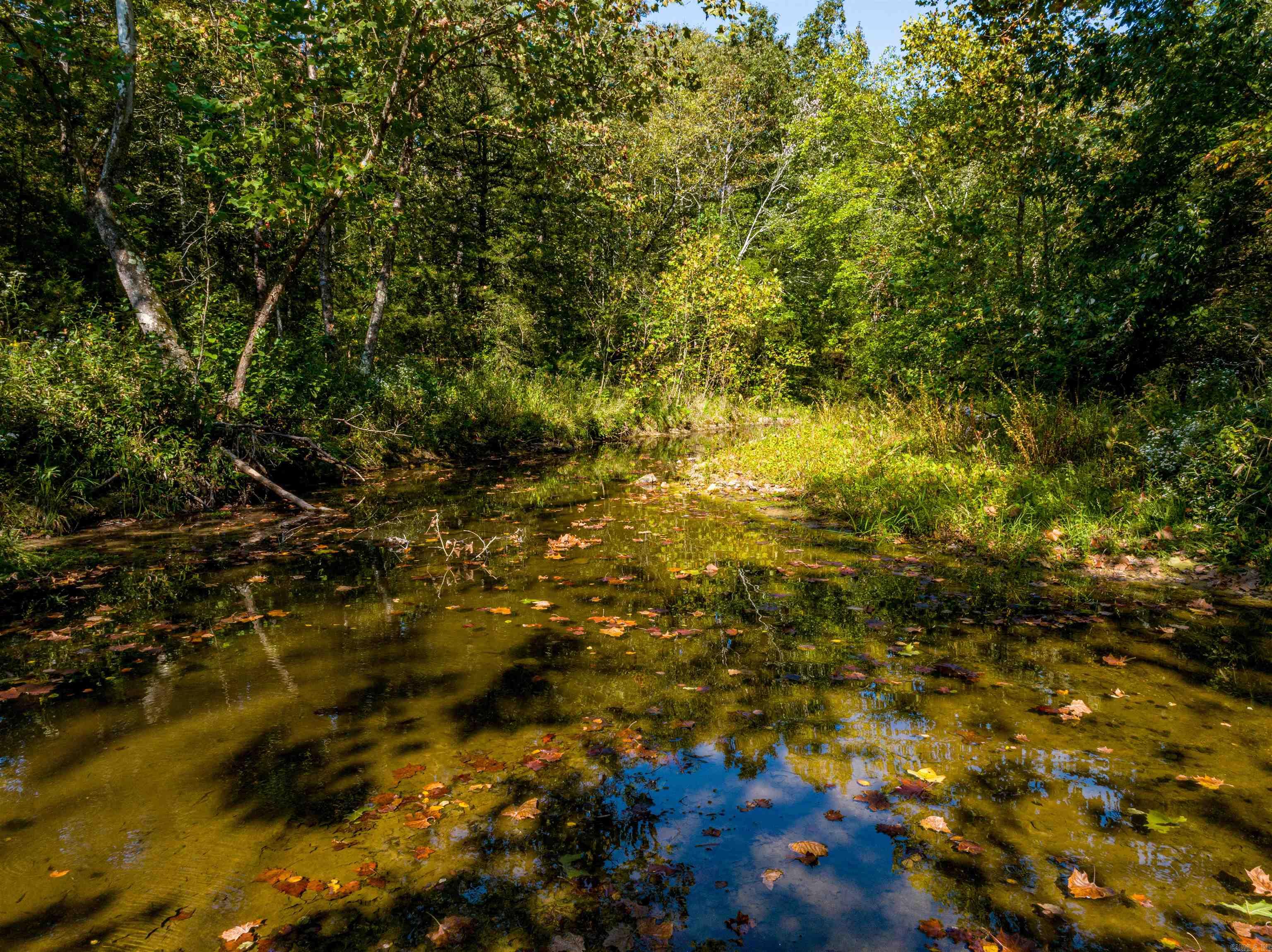 Photo 11 - Vacant Land for sale – 0  SILVER SPRINGS   Evening Shade, AR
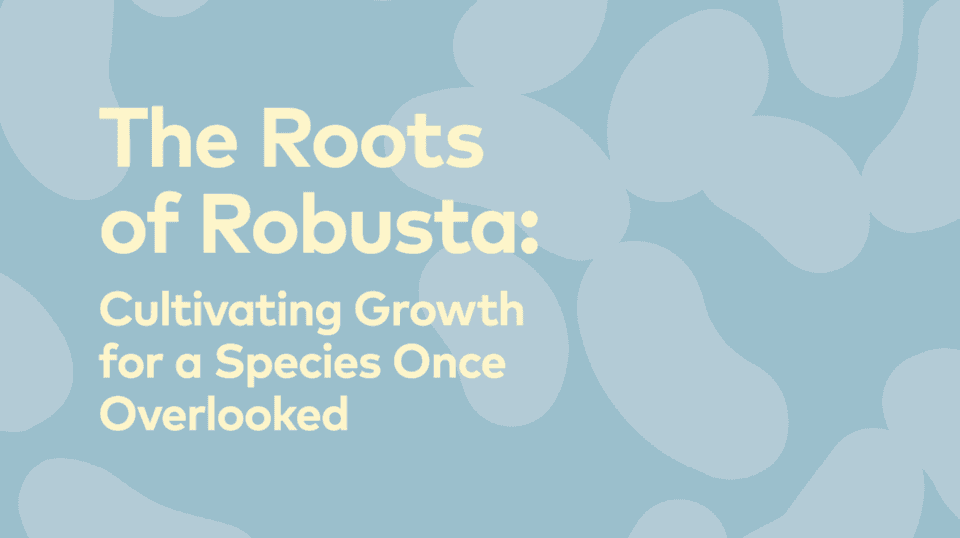 Roots of Robusta Cover
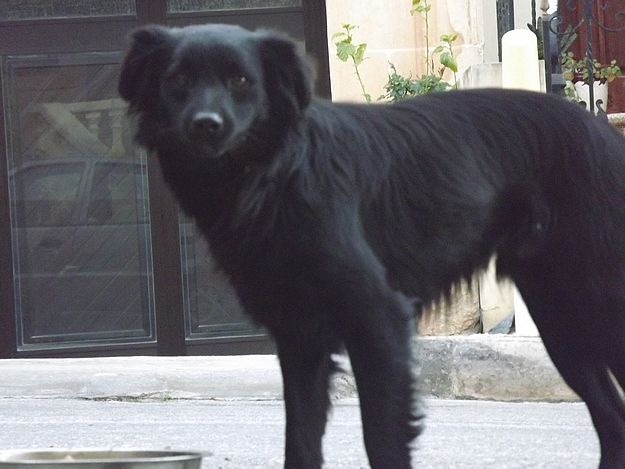 Loving forever home needed for a young dog called Trigger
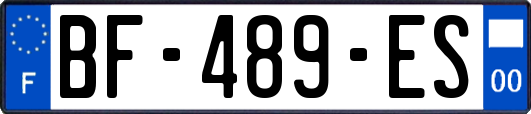 BF-489-ES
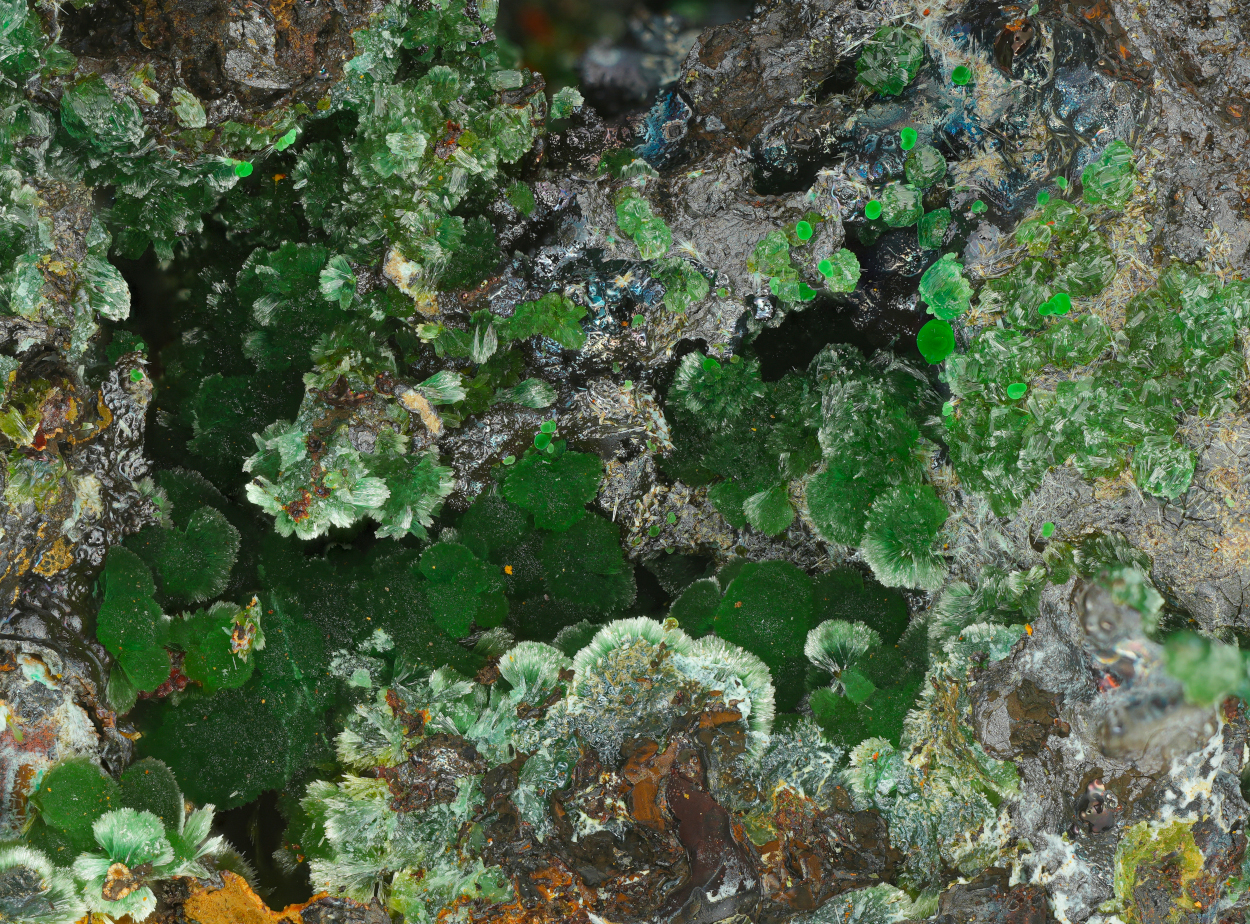 Conichalcite Adamite & Olivenite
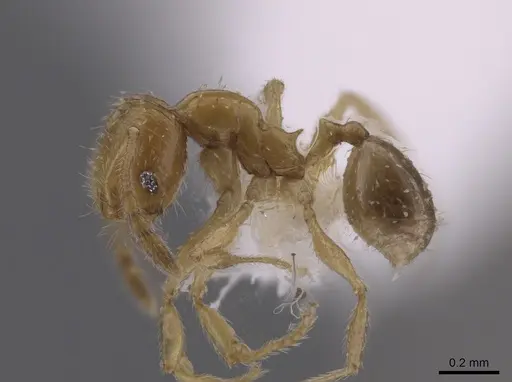 Pheidole neolongiceps specimen CASENT0656039 image casent0656039_3
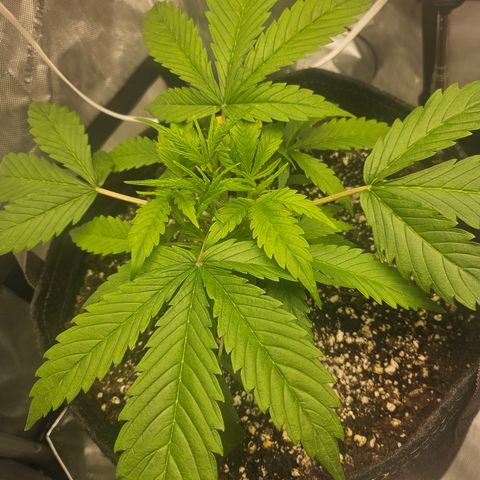 Strawberry Gorilla growlog timeline photo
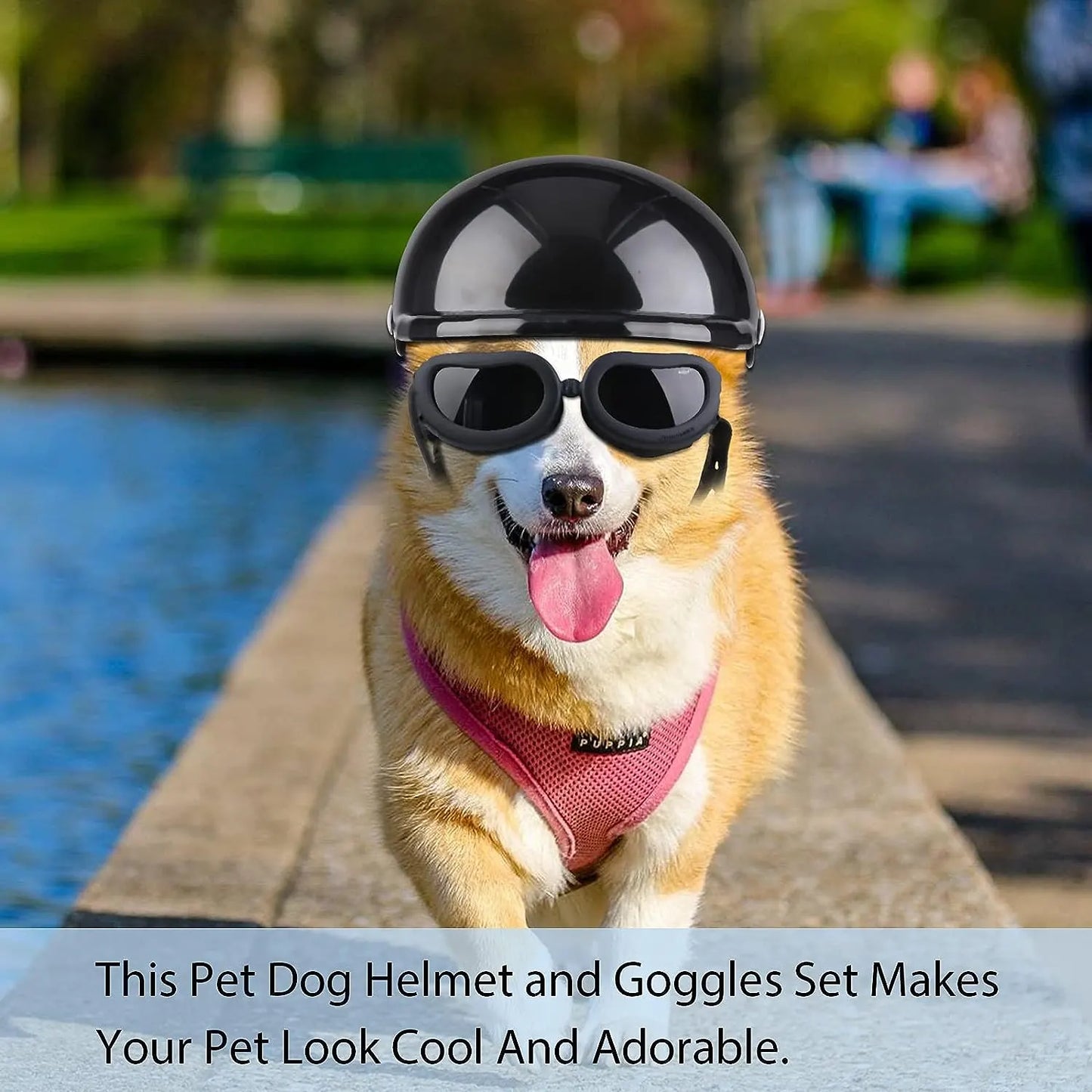 Dog Helmet Goggles, Small Size, Black - Image 6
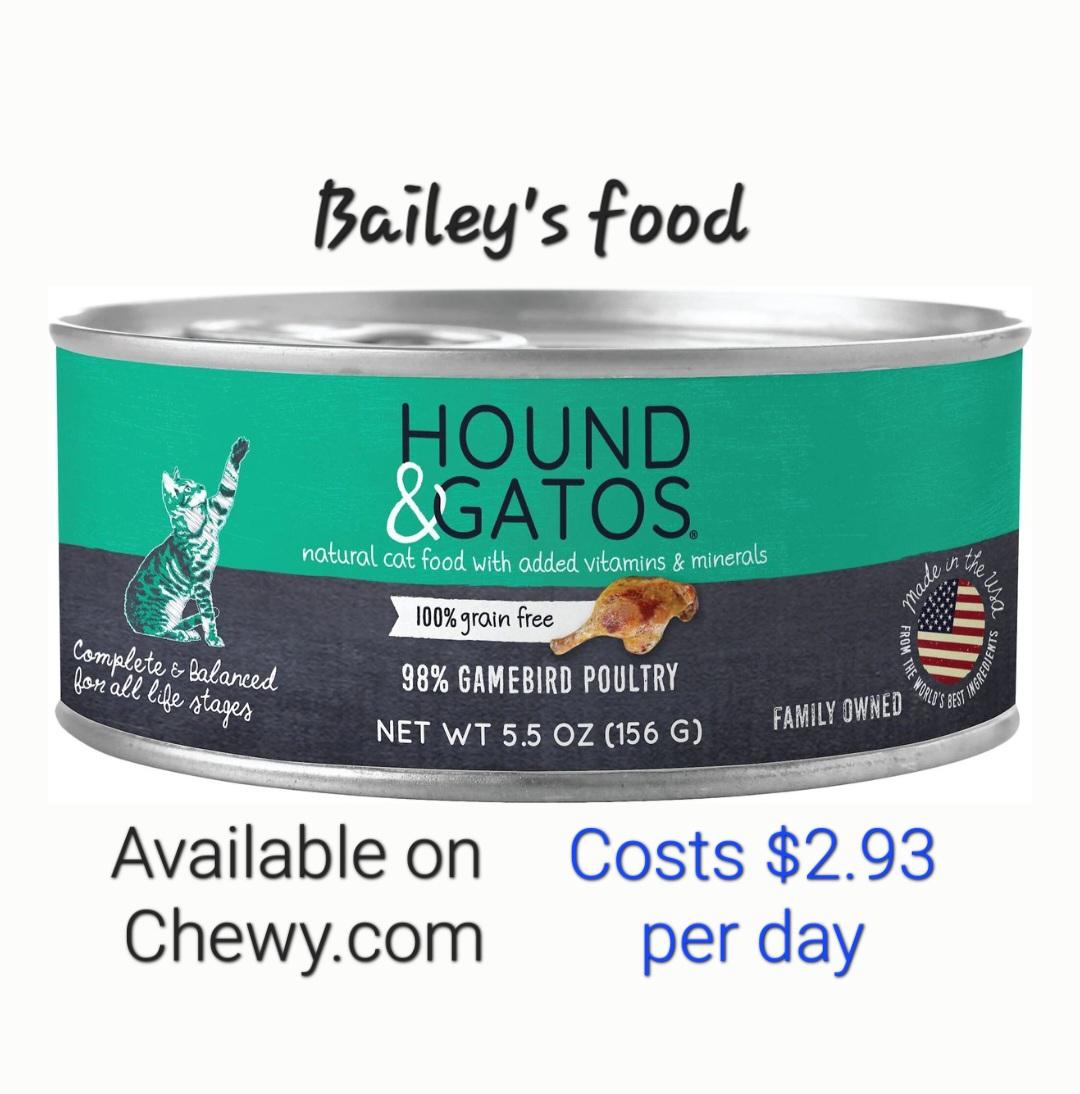 Bailey-LAP CAT!, a Adoptable mixed breed in Berlin, CT image 5/6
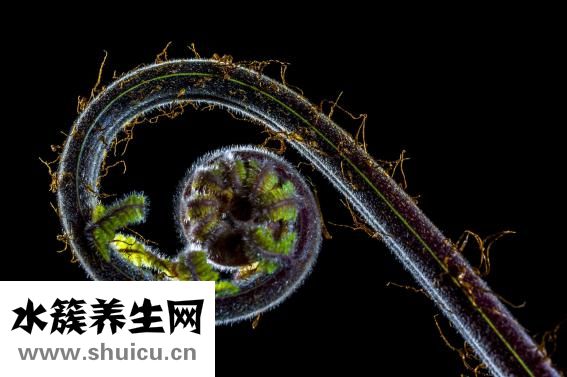 黑竹筍怎么泡發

· · · ·

Your task.
Once the pictures are dropped, please print every remaining line of the material verbatim.

Exercise response.
 Photo 11 - Vacant Land for sale – 0  SILVER SPRINGS   Evening Shade, AR
 Roots of Robusta Cover
 Loving forever home needed for a young dog called Trigger
 BF-489-ES
 Conichalcite Adamite & Olivenite
 Pheidole neolongiceps specimen CASENT0656039 image casent0656039_3
 Strawberry Gorilla growlog timeline photo
 Dog Helmet Goggles, Small Size, Black - Image 6
 Bailey-LAP CAT!, a Adoptable mixed breed in Berlin, CT image 5/6
 黑竹筍怎么泡發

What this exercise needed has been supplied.